A photo of an egg has beaten Kylie Jenner’s record for most Instagram likes and it really is a mood moving forward into 2019.
The picture of the egg – known to its army of followers as the World Record Egg – has become the most liked Instagram post of all time, with more than 27.5 million love-hearts of validation, at the time of writing.
It has far surpassed the number of people who ‘liked’ a photo posted by Kylie Jenner so much they committed to a double-tap in their droves – 18.2 million Instagram users to be precise – in order to give their seal of approval.
The 21-year-old beauty boss’ photograph was simple; a picture of her baby girl holding onto the Kardashian Klan member’s finger, shared to announce the name of her newborn.
And so in February last year 18.2 million people were quick to help welcome Stormi Webster into the world of nepotism, fame and fortune.
Here’s the OG record-breaker, which incidentally, knocked Kendall Jenner of the top spot:
From one former zygote to another, Kylie’s been beaten at her own game by this egg and its loyal egg soldiers in less than a fortnight, no less.
Egg Gang’s account @world_record_egg first published the egg photo on January 4, just four days into 2019, with the mission of surpassing Jenner’s viral superstardom.
Here’s the egg-cellent offering:
In just under 10 days, by the morning of Sunday January 13, the egg had around 9 million likes; within 10 hours that number had doubled, breaking Jenner’s record.
The egg appeared to be getting around a million likes per hour once it started going mega-viral on Sunday.
Well, how’s that for completing a New Year’s resolution in break-egg speed and going down in Internet history just for egging on a viral revolution.
It’s become such a powerful symbol, this little egg has warranted a response from a presumably shell shocked Kylie Jenner herself in a Snapchat video enough to make any egg’s yolk boil. Literally.
A mere 10 hours ago, at time of writing, Kylie responded by cracking one of the World Record Egg’s living relatives open, spilling its guts out onto the hot Calabasas cement paving outside her Hidden Hills home.

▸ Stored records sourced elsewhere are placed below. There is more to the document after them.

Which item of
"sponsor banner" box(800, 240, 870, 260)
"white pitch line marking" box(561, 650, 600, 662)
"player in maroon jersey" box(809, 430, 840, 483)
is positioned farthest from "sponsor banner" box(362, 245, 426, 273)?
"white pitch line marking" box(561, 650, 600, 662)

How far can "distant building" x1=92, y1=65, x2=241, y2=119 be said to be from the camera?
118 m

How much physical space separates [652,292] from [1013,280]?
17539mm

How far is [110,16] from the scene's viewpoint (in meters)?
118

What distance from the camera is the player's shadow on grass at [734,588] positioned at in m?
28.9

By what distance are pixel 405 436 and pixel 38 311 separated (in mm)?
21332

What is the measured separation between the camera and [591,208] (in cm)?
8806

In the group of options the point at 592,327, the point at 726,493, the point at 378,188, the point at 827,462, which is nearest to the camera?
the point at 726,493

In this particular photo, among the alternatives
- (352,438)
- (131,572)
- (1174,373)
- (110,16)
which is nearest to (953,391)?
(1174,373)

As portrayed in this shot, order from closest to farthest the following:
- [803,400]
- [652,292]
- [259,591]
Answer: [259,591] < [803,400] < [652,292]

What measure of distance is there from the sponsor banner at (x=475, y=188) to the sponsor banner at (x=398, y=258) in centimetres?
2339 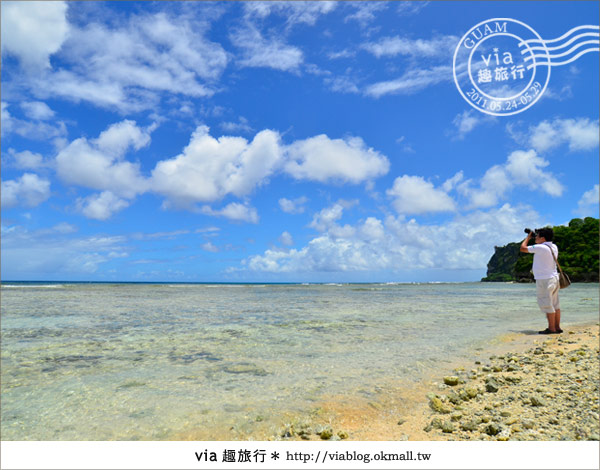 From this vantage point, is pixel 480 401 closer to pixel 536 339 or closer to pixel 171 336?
pixel 536 339

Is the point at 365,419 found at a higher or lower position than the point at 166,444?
lower

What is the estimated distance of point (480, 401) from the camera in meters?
4.91

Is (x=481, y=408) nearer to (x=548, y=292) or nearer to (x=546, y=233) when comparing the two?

The plan was hatched and evilly egg-xecuted.
Safe to say, this rivalry has not been served sunny side up:
Jenner fans aside, the World Record Egg (the WRE, to its fans) is the least divisive thing the internet has seen since MySpace Tom’s profile picture.
It is neither poached, nor scrambled. It is not here to start debate over the perfect preparation and presentation of an egg in culinary terms. It simply is, as it always was from birth, and always will be; an egg-istential mind tickler.
A Very Good Egg, if you like.
But what does it mean? Does the egg point to our fetishisation of objects? Is it a comment on consumerist society?
It it a parody of the finely curated and air-brushed aesthetic Kylie Jenner herself has popularised, which now plagues the formerly organic photo-sharing platform, bastardised as it has become by so-called influencers looking to make an easy buck of narrowly-defined beauty ideals?
Is it an exemplar of what we can do when we all put our hive mind to a task? We have collectively usurped Jenner, and a whole new Jenner-ation in little Stormi Webster, from the Instagram throne.
What next? Over-throwing media dictators by choosing more wholesome and worthy content to fulfil us rather than bottom-feed of vapid trash?
As with Charlie Brooker’s Black Mirror interactive episode, Bandersnatch, we have championed The People’s Egg and changed the course of what really matters on social media, an online realm where most of us exist for more hours a day than we spend asleep.
You might not think this is important but is actually feeds into something called The Economy of Attention.
It’s a marketing term pinched and applied to the modes and means of divvying out pixellated popularity on social media by Bailey Parnell, an expert in Marketing, Communications and Culture at Ryerson University, who told UNILAD anything which takes up this much of our time requires some critical thinking.
It all started with MSN Messenger on dial-up Internet, when the world seemed to open up from the comfort of your living room.
Then there was Bebo, where you used to ‘share da luv’ with three of your Top 10 Friends, in a daily ritual exchange reserved for the ‘best’ people.
Later the social media site du jour became Myspace, where the notion of Pc4Pc (picture comment for picture comment, d’uh) encouraged everyone to start trading social media reactions like commodities, caring less about who liked your pictures than the sum total of love hearts or thumbs up.
Call it a dumb egg; an exercise in time-wasting idiocy, if you must.
But, like it or lump it, these trajectory of increasing online existence have blindly led us into a world where the number of double taps on a stock image of a shell of an egg is newsworthy and – moreover – actually exciting.
On the other hand, the slightly more fatalist reading would offer a different reason for the World Record Egg’s success.
It seems, at a time when everyone and everything else is dogshit, we have grown accustomed to developing deep emotional attachment with inanimate objects to protect our weak, millennial hearts from being burned like the bottom of an omelette.